Brooklyn father of 2 who didn’t want second car killed riding scooter to work: wife

https://www.profitableratecpm.com/f4ffsdxe?key=39b1ebce72f3758345b2155c98e6709c

A Brooklyn physical therapist killed while riding a scooter to work didn’t want to have a second car for his commute, even with two young children at home, his heartbroken wife said Tuesday.

Ilya Perloff, 41, collided with a minivan while riding his electric scooter in Marine Park, his wife Melissa Perloff learned through a phone call while she was driving their daughters to a Hanukkah party Sunday on Long Island.

She learned shortly after that he had died.

“We only have one car,” said the victim’s wife, a public school teacher, through tears. “He didn’t want a second car. He loved that scooter. He went to work on it. The only thing he didn’t use it for was transporting the kids.”

“He had it for a while,” she added. “He loved it. I was like, ‘We need a second car. We have two children now.’ And he said, ‘We don’t need it.’

Ilya Perloff, his wife Melissa Perloff and their daughters. (Family document)
Ilya Perloff, his wife Melissa Perloff and their daughters. (Family document)

Ilya, a physical therapist at a nursing home and rehabilitation center, was traveling west on Fillmore Ave. when he collided with a 2015 Toyota Sienna minivan traveling north on E. 38th St. around 11:50 a.m., troopers said. He was going to work.

The impact threw the victim into a parked minivan, police said. Doctors transported Ilya to Mount Sinai in Brooklyn, where he died.

Police said the driver, a 70-year-old woman, remained at the scene and was not injured. She did not face any immediate charges.

Perloff’s wife was on speakerphone when she received the first call from the cops informing her that her husband was in a serious accident and needed to pull over to calm down his 10- and 2-year-old daughters.

She managed to take them to her parents’ house on Long Island before her father took her back to Brooklyn, where she learned that her husband had not survived.

“I’m just trying to hold on for my daughters,” she said as relatives gathered at Ilya’s mother’s house, near where Ilya lived with her family, to comfort them. “It’s nice to have people around, but I worry when they leave. It doesn’t really seem real. I feel like he’s going to walk through the door.”

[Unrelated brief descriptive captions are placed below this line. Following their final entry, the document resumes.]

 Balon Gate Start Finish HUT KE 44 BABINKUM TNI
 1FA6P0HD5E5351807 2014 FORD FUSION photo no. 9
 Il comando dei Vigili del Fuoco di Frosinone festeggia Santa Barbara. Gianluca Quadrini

Ilya Perloff and his wife, Melissa Perloff. (Family document)
Ilya Perloff and his wife, Melissa Perloff. (Family document)

Illya’s wife described the victim as a free spirit and a handyman who could fix just about anything.

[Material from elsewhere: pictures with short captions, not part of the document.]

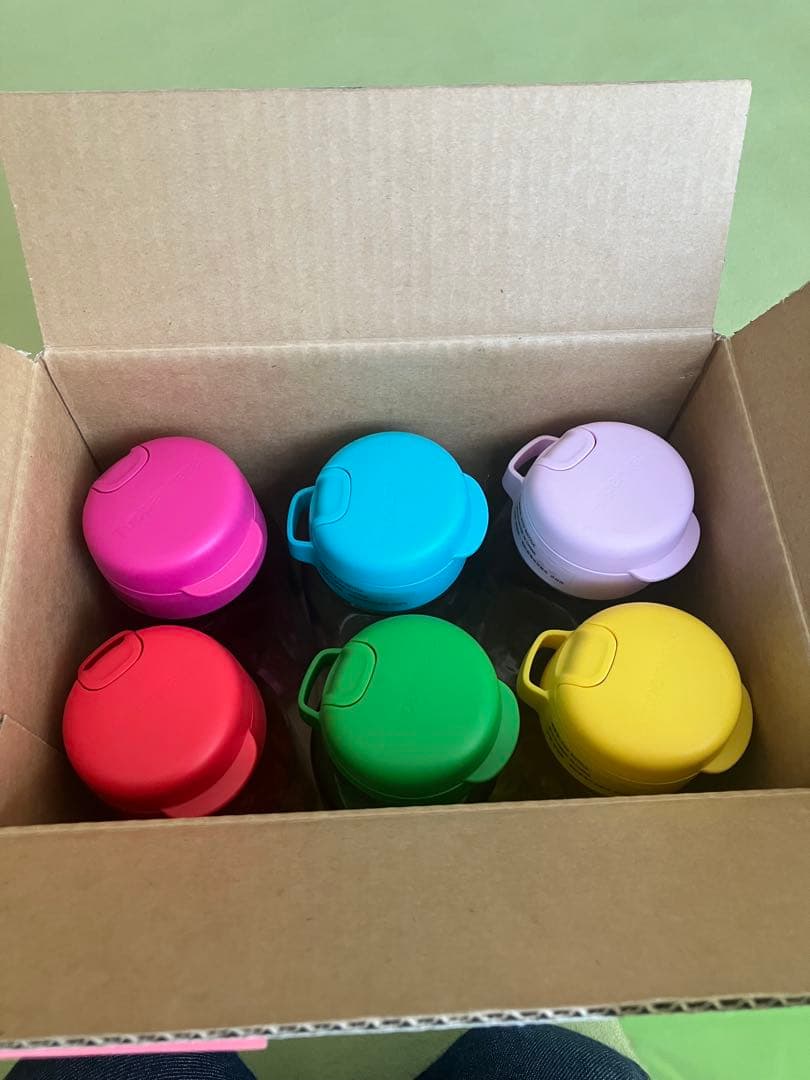 タッパーウェア　6個セット＋エコボトルおまとめ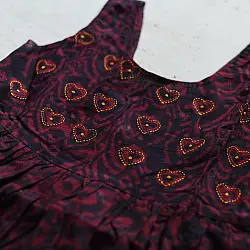 Little Karigari | Pure Cotton Embroidered - Black Frock for Girls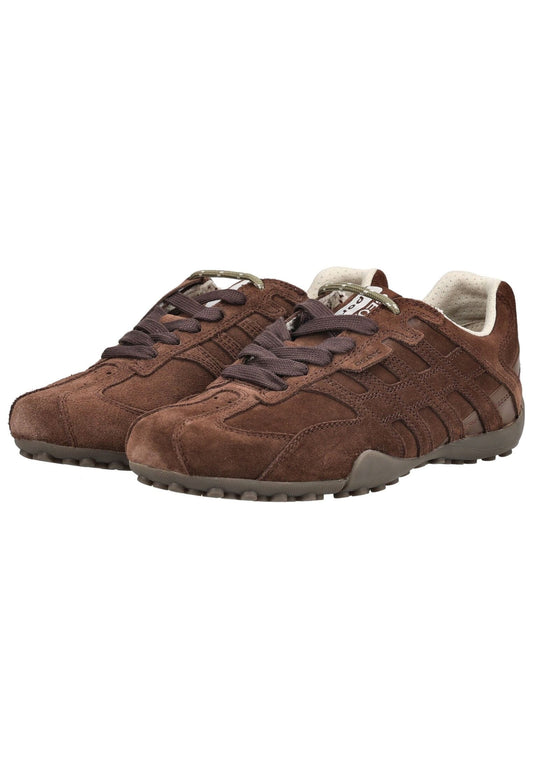 Geox Sneaker Veloursleder Dunkelbraun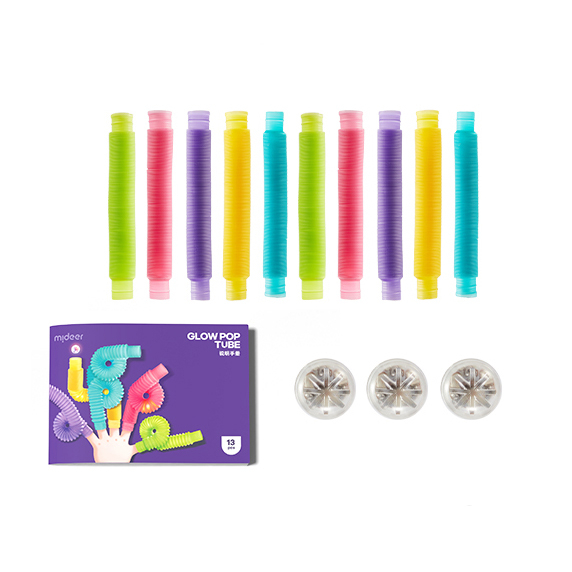 Антистрес іграшки - Набір Mideer Сяючі гнучкі трубки (MD1419)#2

“I called him my own Mr. Fix it,” Melissa said.

“I feel a lot of anxiety,” she added. He was calm about it. He made me feel like everything was going to be okay.

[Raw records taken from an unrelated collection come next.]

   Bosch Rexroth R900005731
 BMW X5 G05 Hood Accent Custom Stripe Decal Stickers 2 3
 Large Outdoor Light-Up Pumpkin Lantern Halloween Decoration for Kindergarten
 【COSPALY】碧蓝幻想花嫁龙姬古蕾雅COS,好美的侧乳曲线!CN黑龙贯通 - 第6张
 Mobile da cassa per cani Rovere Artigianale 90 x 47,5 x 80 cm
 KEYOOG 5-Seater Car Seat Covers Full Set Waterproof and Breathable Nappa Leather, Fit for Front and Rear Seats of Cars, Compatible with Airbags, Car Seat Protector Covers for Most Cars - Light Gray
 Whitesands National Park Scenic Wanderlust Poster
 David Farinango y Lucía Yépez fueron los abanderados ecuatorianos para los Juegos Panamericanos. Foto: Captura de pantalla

Ilya was very involved with the girls.

“He wasn’t one to not change a diaper,” Melissa said. “He did anything for girls.”

She is devastated that they are now being raised without a father.

“I’ll do what I can to be both, but I can never take his place,” she said. “They will suffer without him.”

“The little one is his favorite,” she added. “She’s in the dad phase. She hasn’t said anything yet but I’m dreading when she says, ‘Where is he?’ I just try to avoid it. I’m scared when she says it, because I don’t think I can listen to her.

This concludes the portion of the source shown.